I’ve been writing about death a lot. Since my friend Jay died at the beginning of June. Then writer Graham Joyce died about a month ago, and I wrote about that.
Then writer Eugie Foster died a few weeks ago (also from cancer, all three of them from cancer), and I didn’t write about it. Because I felt like I’d been writing about death death death, and also I’d never met her. But her novelette Sinner, Baker, Fabulist, Priest; Red Mask, Black Mask, Gentleman, Beast was one of the first pieces of short fiction that I completely fell in love with after starting to write short fiction myself. It was one of the stories that made me realize how powerful short fiction can be. And also, the title! (Also you can totally go read it right now because it is super good.) So I felt a real sense of loss.
And then a few days ago, Zilpha Keatley Snyder died. I was trying not to write so much about death and grief, but I mean, I have to write about this. So. I tried. And this is what you’re getting.
Zilpha Keatley Snyder was the author I wanted to be when I grew up. She was one of my first author crushes. I loved her name; I loved how dignified it sounded, how I’d never heard the name Zilpha before, how it had three parts instead of only two, and how I could never shorten it because otherwise it didn’t have the right ring. I loved that she lived in the same county that I lived in, which meant writers were real people who lived in real places and I could be one of them someday.

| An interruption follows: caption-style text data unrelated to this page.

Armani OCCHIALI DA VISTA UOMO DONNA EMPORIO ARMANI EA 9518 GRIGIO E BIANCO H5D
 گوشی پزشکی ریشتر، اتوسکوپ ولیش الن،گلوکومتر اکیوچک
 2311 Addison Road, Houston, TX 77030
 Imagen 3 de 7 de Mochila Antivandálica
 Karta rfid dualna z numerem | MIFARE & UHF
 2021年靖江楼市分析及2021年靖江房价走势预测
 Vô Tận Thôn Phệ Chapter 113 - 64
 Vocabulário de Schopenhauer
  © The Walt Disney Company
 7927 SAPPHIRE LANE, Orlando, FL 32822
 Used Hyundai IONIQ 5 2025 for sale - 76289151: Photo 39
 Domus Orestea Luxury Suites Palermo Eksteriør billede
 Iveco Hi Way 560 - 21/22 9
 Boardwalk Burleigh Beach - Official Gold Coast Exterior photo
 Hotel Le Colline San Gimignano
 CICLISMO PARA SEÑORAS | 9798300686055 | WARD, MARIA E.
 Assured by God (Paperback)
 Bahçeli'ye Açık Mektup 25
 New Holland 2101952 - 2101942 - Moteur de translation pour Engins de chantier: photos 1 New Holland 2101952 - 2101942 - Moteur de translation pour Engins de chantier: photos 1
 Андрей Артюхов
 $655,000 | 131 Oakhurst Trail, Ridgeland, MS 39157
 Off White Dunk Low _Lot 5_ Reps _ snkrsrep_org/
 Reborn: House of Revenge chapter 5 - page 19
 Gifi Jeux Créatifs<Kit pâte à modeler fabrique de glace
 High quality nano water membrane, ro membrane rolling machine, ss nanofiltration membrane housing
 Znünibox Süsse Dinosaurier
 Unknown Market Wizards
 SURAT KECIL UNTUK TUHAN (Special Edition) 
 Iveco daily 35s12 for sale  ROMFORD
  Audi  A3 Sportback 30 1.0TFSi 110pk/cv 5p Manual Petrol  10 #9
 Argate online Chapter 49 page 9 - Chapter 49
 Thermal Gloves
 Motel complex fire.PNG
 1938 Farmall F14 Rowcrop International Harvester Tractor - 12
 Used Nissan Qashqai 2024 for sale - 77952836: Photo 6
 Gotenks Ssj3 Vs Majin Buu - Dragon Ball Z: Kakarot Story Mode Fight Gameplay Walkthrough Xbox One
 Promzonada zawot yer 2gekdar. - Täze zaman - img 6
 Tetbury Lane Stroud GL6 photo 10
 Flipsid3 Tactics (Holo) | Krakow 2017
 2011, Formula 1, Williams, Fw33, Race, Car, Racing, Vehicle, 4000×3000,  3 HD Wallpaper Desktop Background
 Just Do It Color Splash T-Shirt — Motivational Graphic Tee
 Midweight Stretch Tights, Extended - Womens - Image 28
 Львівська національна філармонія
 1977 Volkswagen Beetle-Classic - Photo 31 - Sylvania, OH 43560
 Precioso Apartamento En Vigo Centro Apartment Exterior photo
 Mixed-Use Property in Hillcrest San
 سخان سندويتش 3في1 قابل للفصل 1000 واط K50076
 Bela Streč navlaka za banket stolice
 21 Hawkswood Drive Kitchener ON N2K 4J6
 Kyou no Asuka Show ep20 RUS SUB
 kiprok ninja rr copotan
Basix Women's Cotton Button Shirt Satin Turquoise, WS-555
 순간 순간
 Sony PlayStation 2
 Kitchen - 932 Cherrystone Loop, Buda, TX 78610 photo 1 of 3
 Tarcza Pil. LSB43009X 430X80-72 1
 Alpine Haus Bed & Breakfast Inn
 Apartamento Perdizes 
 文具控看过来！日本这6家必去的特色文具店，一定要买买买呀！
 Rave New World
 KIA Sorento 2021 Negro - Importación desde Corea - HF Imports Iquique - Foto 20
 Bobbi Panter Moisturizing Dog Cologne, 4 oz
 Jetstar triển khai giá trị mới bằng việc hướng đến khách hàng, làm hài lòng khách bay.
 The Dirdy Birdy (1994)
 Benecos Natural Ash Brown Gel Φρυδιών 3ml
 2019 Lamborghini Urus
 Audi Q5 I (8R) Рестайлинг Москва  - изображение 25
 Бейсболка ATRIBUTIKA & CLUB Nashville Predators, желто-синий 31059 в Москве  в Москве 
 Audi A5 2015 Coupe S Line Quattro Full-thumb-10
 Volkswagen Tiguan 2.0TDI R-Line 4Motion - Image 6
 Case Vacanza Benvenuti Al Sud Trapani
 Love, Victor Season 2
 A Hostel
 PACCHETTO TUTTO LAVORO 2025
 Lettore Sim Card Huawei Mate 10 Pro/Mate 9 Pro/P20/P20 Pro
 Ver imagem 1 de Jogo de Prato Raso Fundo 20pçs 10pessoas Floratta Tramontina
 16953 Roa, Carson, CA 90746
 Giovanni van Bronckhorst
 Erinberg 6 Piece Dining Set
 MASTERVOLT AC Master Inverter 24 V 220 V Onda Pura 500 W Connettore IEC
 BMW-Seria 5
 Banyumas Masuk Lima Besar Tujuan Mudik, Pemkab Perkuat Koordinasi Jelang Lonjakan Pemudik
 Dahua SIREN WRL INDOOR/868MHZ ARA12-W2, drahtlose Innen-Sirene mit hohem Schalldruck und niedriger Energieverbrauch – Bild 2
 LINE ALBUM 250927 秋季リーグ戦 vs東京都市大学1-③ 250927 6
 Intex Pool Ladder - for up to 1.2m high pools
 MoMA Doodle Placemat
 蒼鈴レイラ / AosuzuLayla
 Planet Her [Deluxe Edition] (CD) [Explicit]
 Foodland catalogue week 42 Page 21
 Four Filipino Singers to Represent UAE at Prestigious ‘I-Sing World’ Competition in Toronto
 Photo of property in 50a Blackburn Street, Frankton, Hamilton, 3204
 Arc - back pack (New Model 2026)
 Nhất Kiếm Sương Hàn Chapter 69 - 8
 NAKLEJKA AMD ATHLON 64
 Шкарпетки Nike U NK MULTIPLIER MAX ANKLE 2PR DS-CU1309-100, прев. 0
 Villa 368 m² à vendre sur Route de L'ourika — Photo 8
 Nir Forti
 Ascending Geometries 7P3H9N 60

And most of all, I loved her work. I devoured her work. I shared her work with my mom; I’m pretty sure my mom read The Velvet Room out loud to me at some point, and maybe also The Egypt Game, but I can’t remember. I loved the Below the Root series so much, it was one of the books I tried to copy in my own young writing, along with The Wizard of Oz and Anne of Green Gables. I spent about a million hours playing the impossible adventure computer game based on Below the Root. I never beat it, but I got pretty far. Well, at least I thought I did at the time.
And then, just when I might have been getting a little too old to be completely enamored with Zilpha Keatley Snyder’s work (I was probably around 12), I found Libby on Wednesday, which I read repeatedly. Because it was about a girl like me, a girl who was too smart for her own good and didn’t really understand the social maze of middle school and, most of all, wanted to be a writer. I loved that book so hard.
I never met Zilpha Keatley Snyder. But her books meant, and still mean, the world to me. They are a crucial element of my personal book collection. They influenced me both as a writer and as a human being.
I will miss you, Zilpha Keatley Snyder. And I still want to be you when I grow up.
As a tribute this is beautiful sincere and moving. I hate the way cancer rips these precious lives away
With this wonderful tribute her energy is still felt and I for one intend to find her books.
Thanks for this post. I too love her books and mourn her death. As a child, I especially loved The Changeling, The Velvet Room, and The Witches of Worm.
I haven’t read her books yet, but there is a really great game based on the Green Sky Trilogy. She did all the writing for the game. It’s called Below the Root and it ran on the Commodore 64. It’s playable today using an emulator. You would also need a joystick or gamepad.